While the media portrays the Boehner conflict as a division over strategy and a willingness to be “realistic,” it was really about an agenda.
Michael A. Needham, the CEO of Heritage Action for America, has written about the Boehner conflict for Politico. His piece is a needed corrective to the media’s false story. An excerpt:
The friction of the last several years has not been about differences in tactics. It has been about deep and irreconcilable disagreements over the goals the GOP should pursue. It has been a dispute over how much the center-right should try to disrupt the status quo. Armed with his 245-seat majority, Speaker John Boehner opted against pursuing any reform agenda. He ignored the hopes and dreams of those Republican voters who delivered the GOP control of the House in 2010 and the Senate in 2014 and instead pushed the agenda of Washington’s ruling class.
Needham points out that the “accomplishments” that Boehner’s advocates point to prove his case.

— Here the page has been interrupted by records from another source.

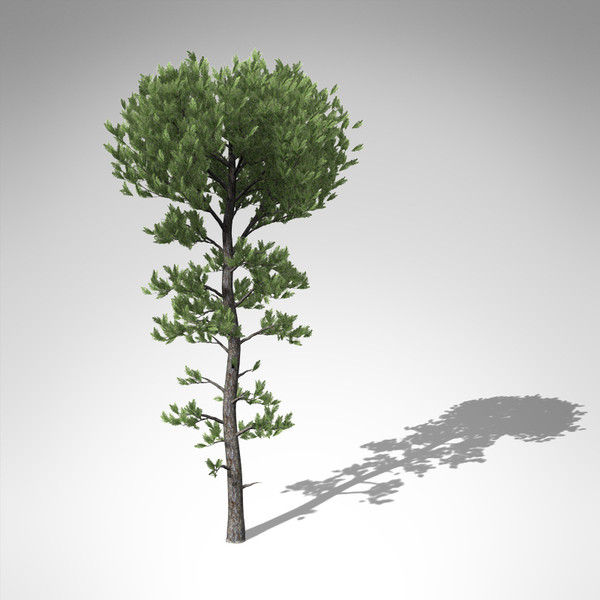 3d xfrogplants sea pine tree model - XfrogPlants Sea Pine... by xfrog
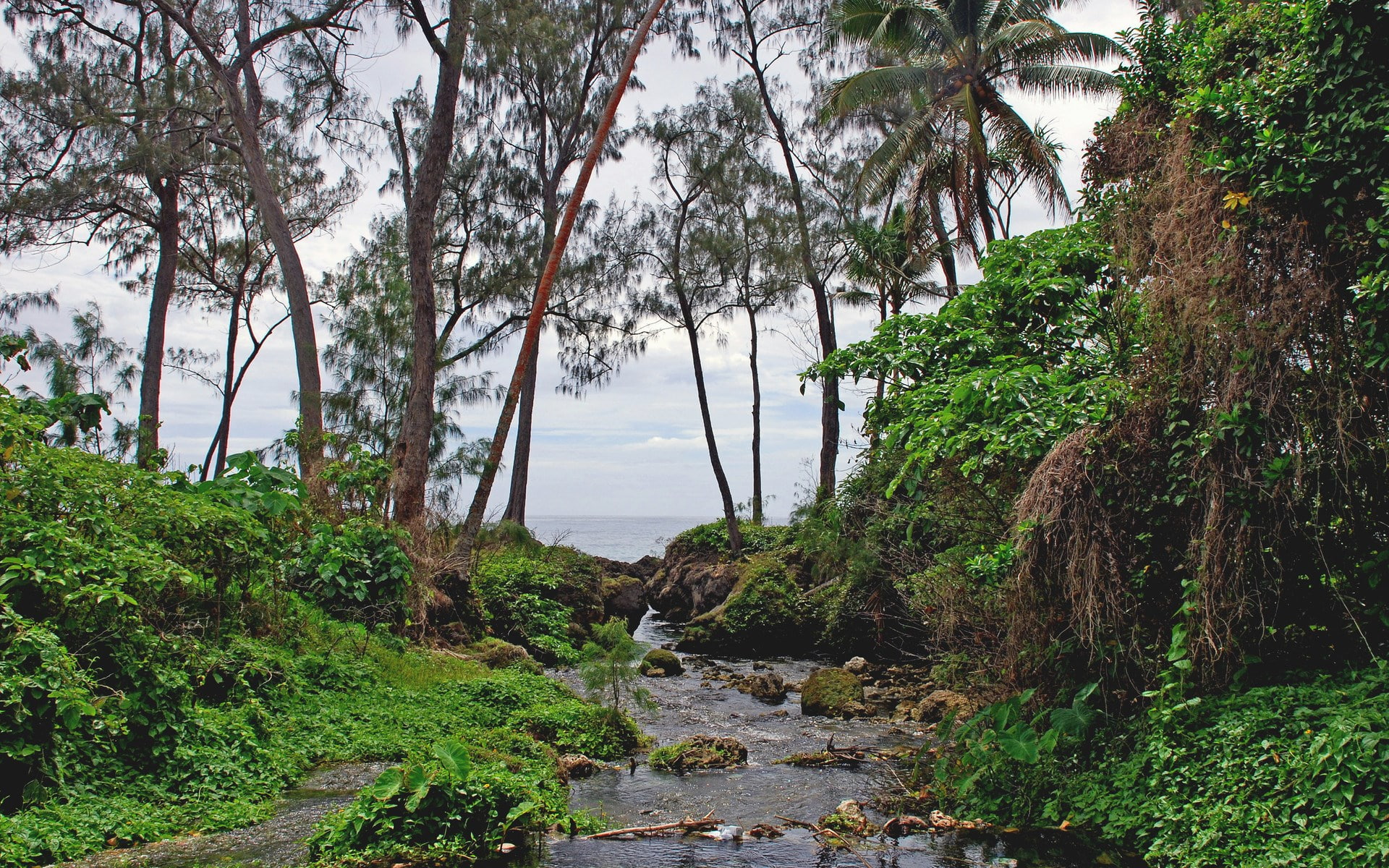 1080P, image background nature hd image 1920x1200, HD Wallpaper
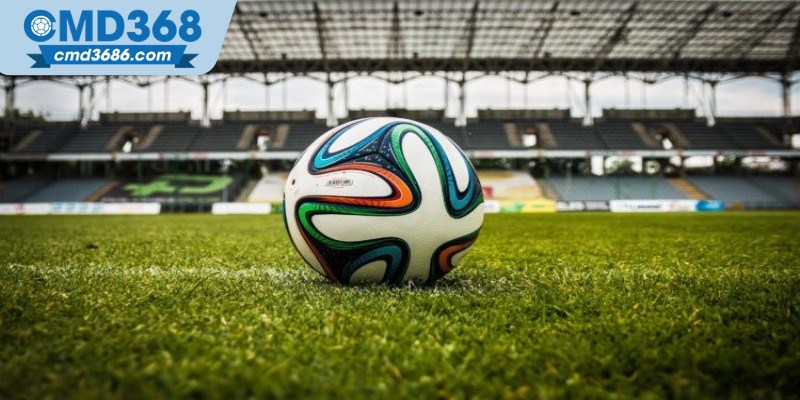 Chiến thuật soi kèo bóng đá Việt Nam chuẩn xác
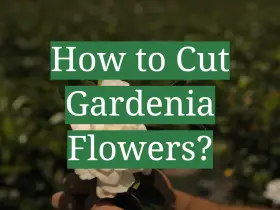 how to describe a garden in creative writing examples
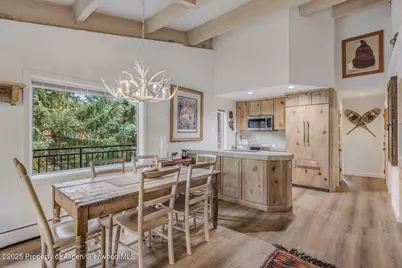 731 S Mill Street #3A, Aspen, CO 81611 - Photo 4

But take a look what the House has done this year and it’s not hard to understand conservatives’ frustrations with the Speaker’s leadership: a permanent “doc fix” that increases Medicare spending over the next two decades by $500 billion and took crucial leverage for Medicare reform off the table forever; a House-passed reauthorization of No Child Left Behind despite the objections of conservatives advocating reforms to eliminate Department of Education mandates. Not a single Republican ran on these priorities in 2014, yet aside from small-ball bills addressing business community concerns like authorization of the Keystone XL pipeline, they’ve been the central pillars of the Republican agenda.
In other words, despite Republicans delivering a huge victory to Republicans, the Democrats somehow still seemed to control the Senate.
The main good news is that the Conservatives prevented Boehner from delivering a worse betrayal to the grass-roots by working out a “grand bargain” that massively increased spending.
Speaker Boehner’s decision to step down empowers rank-and-file lawmakers to embrace the conservative grassroots and increases the likelihood the party will actually fight for conservative policy priorities and our Constitution. But that will not happen through inertia. It will take the concerted effort of lawmakers, staffers and conservative constituents to ensure the meaning of the moment is not lost.
Let’s pray that happens. And let’s remember, if getting rid of Boehner was really likely to be such a disaster for the Republican Party, the media would be in favor of getting rid of him. The fact that they are treating Boehner as a rejected hero should give you a hint that he was playing for the wrong team.